WHAT YOU ARE ASKED TO DO: Restate word for word the line containing "Kyosho Bburago 1/18" and each line that follows it, through the last line below, and nothing else.

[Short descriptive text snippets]
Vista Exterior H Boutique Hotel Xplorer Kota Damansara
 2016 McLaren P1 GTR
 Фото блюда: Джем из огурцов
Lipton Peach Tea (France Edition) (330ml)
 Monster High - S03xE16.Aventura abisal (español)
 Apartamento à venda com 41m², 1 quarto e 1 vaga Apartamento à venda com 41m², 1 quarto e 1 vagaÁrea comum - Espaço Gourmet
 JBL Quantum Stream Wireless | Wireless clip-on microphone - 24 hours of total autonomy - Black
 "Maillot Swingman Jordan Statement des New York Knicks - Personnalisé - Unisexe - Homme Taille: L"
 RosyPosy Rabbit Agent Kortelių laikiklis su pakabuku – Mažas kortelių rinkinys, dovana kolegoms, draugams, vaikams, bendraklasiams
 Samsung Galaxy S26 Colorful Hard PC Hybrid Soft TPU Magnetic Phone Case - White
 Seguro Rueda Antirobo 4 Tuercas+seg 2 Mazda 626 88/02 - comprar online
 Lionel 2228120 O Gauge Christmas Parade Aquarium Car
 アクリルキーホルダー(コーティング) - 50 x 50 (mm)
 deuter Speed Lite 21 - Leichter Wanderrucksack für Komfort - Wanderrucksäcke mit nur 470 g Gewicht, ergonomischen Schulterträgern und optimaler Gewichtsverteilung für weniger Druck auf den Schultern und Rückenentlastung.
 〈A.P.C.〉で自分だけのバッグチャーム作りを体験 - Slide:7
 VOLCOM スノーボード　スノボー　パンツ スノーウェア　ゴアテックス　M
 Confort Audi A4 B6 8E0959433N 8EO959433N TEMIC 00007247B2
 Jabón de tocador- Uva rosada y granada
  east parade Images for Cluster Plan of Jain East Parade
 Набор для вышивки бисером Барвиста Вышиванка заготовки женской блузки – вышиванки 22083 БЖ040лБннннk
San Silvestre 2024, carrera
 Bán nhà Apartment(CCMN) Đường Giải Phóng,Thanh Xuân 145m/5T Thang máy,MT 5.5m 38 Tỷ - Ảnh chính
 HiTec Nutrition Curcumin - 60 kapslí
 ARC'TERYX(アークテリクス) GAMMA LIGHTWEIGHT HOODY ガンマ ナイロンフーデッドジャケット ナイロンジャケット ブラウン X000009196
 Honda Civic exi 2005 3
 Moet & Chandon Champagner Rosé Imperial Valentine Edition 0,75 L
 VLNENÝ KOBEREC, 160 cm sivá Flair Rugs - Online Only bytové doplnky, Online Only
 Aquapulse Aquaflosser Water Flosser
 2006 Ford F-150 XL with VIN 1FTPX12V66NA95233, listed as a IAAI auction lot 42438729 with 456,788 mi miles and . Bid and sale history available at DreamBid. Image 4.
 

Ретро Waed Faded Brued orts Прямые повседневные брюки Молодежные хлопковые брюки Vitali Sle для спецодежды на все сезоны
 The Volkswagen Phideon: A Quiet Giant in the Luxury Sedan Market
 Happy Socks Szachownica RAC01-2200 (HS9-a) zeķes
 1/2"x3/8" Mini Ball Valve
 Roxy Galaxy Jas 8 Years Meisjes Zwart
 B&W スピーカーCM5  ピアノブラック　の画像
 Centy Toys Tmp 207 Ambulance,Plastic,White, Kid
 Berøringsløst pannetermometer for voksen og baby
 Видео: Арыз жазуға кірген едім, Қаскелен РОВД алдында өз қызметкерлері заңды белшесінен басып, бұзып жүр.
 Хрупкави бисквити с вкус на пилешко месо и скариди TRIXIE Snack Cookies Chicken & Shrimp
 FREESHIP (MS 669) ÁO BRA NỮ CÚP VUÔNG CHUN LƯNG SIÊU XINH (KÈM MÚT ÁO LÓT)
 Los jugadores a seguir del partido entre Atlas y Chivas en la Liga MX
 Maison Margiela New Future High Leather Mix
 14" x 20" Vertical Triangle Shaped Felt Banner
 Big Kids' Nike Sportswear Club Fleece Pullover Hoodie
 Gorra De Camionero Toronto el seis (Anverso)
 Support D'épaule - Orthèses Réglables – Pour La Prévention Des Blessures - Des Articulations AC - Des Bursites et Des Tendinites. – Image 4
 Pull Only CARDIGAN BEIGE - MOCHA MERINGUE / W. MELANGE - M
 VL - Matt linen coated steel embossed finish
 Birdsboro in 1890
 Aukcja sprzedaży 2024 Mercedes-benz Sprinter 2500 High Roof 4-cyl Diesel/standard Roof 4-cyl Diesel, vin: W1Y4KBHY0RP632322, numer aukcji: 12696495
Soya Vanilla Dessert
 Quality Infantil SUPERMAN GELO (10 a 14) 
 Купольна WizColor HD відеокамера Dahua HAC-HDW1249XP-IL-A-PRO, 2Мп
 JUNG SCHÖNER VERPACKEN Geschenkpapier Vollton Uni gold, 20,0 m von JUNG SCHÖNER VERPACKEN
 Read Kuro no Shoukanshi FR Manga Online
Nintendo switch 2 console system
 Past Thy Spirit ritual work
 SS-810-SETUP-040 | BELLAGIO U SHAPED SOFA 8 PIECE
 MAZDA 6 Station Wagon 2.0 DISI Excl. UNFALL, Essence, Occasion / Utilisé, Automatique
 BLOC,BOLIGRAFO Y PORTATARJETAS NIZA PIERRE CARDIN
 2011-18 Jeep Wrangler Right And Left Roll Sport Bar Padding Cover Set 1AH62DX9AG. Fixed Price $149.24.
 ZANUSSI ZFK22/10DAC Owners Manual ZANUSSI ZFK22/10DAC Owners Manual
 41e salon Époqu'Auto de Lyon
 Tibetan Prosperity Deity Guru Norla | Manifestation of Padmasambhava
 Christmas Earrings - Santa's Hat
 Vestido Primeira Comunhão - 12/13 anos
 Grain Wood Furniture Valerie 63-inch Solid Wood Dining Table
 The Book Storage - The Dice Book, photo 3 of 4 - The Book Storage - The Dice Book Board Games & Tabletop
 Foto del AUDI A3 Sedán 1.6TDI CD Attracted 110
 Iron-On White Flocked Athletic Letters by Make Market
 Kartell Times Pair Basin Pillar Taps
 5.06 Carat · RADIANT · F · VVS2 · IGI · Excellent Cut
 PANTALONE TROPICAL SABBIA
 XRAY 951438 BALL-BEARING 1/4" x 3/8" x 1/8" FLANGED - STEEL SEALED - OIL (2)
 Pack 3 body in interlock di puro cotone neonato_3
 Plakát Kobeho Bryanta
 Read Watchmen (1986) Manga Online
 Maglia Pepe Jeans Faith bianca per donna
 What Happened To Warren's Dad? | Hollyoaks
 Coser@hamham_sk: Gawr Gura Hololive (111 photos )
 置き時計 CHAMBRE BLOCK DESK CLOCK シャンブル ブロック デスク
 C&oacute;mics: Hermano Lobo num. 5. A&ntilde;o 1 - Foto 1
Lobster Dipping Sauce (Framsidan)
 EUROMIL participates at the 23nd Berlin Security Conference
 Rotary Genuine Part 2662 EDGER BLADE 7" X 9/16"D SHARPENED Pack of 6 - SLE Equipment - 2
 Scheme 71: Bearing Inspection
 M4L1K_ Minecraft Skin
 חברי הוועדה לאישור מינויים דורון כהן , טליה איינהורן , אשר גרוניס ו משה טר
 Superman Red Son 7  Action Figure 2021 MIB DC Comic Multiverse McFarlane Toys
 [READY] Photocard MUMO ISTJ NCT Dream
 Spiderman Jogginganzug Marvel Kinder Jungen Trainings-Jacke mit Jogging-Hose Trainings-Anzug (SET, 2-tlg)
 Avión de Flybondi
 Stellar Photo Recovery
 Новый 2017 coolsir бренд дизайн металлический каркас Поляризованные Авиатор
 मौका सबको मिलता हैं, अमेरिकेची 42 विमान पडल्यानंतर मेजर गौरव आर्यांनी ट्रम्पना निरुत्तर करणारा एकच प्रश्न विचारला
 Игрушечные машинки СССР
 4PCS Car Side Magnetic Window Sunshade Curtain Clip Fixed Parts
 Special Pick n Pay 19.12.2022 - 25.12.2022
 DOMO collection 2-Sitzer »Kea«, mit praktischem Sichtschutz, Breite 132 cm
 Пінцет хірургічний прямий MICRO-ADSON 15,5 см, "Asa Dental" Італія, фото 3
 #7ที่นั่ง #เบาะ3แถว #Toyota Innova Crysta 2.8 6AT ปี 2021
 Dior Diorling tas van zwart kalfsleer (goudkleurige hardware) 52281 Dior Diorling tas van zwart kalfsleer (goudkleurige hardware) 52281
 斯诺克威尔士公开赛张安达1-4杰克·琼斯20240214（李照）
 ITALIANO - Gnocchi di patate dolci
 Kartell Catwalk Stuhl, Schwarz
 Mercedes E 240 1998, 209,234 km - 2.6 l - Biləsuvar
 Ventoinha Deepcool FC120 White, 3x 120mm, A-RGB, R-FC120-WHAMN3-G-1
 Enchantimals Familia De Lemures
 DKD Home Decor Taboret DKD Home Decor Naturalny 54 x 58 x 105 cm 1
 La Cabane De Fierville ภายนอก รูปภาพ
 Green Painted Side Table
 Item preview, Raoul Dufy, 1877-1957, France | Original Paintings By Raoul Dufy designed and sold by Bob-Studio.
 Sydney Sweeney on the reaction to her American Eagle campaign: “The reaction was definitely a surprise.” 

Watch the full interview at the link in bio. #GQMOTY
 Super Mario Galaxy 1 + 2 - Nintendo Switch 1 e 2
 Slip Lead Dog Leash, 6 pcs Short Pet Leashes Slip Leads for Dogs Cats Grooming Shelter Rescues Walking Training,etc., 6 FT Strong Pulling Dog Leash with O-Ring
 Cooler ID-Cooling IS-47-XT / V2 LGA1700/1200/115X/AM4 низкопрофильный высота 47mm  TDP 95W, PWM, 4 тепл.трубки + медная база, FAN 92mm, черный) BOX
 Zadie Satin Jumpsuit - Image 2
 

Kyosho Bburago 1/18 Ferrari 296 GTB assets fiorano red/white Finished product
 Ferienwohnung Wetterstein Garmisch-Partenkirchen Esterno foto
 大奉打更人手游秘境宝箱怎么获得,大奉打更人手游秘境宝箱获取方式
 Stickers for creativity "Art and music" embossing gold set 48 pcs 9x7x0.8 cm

EXERCISE ANSWER:
Kyosho Bburago 1/18 Ferrari 296 GTB assets fiorano red/white Finished product
 Ferienwohnung Wetterstein Garmisch-Partenkirchen Esterno foto
 大奉打更人手游秘境宝箱怎么获得,大奉打更人手游秘境宝箱获取方式
 Stickers for creativity "Art and music" embossing gold set 48 pcs 9x7x0.8 cm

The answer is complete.